De un brazo a otro y de arriba a abajo,
se movían luces, cintilando fuerte,
tanto al unirse como al pasar de largo:

así se ven aquí derechas o torcidas,
veloces y tardas, con renovadas vistas,
minucias de los cuerpos, largas y cortas,

moverse por el rayo en donde éste hiende
a veces la sombra que, por su defensa,
la gente, con ingenio y arte, tiende.

Y como giga y arpa, templadas y tensas
de muchas cuerdas, hacen dulce tintineo,
de modo tal que la nota no es intensa,

así de las luces que allí aparecieron
se acogía a la cruz una melodía
que me embelesaba, sin entender el himno.

Pronto supe que eran altas preces,
pues me llegaban Resurge y Vence,
como a aquel que no entiende y oye.

Me enamoraba tanto todo aquello,
que hasta allí no hubo alguna cosa
que me ligara con tan dulce vínculo.

Tal vez mi palabra parezca muy osada,
posponiendo el placer de los ojos bellos,
en los que mirando mi deseo se reposa;

pero quien se percata que los vivos sellos
de toda belleza más bellos son cuanto más altos,
si yo me había vuelto a aquellos,

excusarme puede de lo que yo me acuso
para excusarme, y puede dar por cierto
que tal placer santo no es aquí olvidado,
pues que se hace, subiendo, más sincero.


Dante Alighieri (Florencia, 1265-Rávena, 1321), La divina commedia, texto crítico de la Sociedad Dantesca Italiana, Milán, 1979
Versión de Jorge Aulicino


* La pregunta que Beatriz propone que aún se haga a Tomás de Aquino es apenas teológica; más bien sugiere el contraste entre el brillo de las almas y los cuerpos que resurgirán de sus sepulcros para el Juicio Final: cómo, pregunta Beatriz, la luminosidad de los justos será tal que no impida a éstos la visión. Parece un interrogante o demasiado sutil o bizantino. Pero la curiosidad es satisfecha de manera razonada en los versos siguientes, salvando la arquitectura del canon hasta en sus detalles más materiales, de ese modo aristotélico que asume muchas veces el discurso dantesco.

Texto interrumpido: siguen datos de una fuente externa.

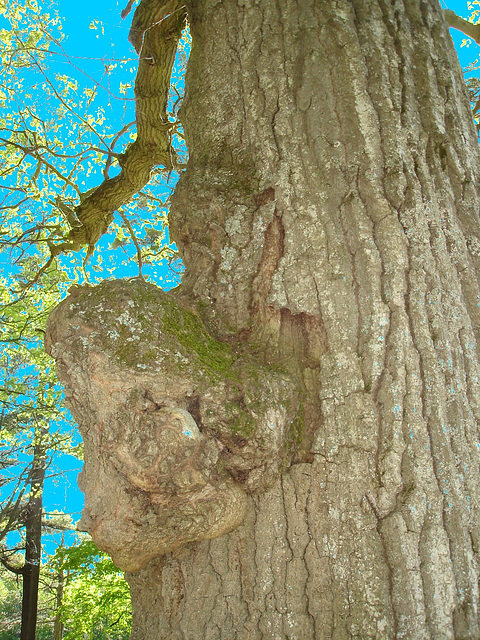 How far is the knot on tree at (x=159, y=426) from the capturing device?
1600 mm

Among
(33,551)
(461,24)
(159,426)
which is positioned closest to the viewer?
(159,426)

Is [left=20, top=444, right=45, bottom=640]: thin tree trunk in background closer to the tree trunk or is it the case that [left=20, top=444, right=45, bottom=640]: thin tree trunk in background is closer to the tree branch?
the tree trunk

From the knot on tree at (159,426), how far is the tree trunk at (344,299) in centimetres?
13

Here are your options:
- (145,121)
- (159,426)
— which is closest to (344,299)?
(159,426)

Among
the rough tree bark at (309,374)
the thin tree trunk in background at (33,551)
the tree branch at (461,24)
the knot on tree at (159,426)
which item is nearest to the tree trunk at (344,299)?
the rough tree bark at (309,374)

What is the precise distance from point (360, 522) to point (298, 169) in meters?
1.29

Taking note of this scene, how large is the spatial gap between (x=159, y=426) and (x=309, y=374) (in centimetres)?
56

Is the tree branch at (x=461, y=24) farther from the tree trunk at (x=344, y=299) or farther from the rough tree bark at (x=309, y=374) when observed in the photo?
the rough tree bark at (x=309, y=374)

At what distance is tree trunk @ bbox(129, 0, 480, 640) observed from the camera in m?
1.51

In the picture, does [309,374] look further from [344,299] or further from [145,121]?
[145,121]

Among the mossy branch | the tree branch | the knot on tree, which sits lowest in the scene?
the knot on tree

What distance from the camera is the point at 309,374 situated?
1.79 metres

** Resulta casi absurdo consignar las indicaciones de los comentaristas canónicos ante la simple anotación de los llamados "agnósticos": Helios, el Sol. Lo cierto es que las modernas ediciones de la Comedia insisten en ignorar el hecho de que Eliòs sólo puede entenderse como Helios, y asimismo traducirse. Sin embargo, se han vuelto a recordar incluso las Derivationes de Uguiccione da Pisa para probar que etimológicamente el nombre griego contiene la expresion hebrea Eli, mi Dios: Ab ely, quod est deus, dictus est sol elyios..." Aunque consigna primero que se trata de una nueva "cristianización" del nombre de un numen pagano, Battistessa se siente obligado a consignar que Dante pudo haber usado el diccionario de Uguiccione, como se conjetura de antiguo.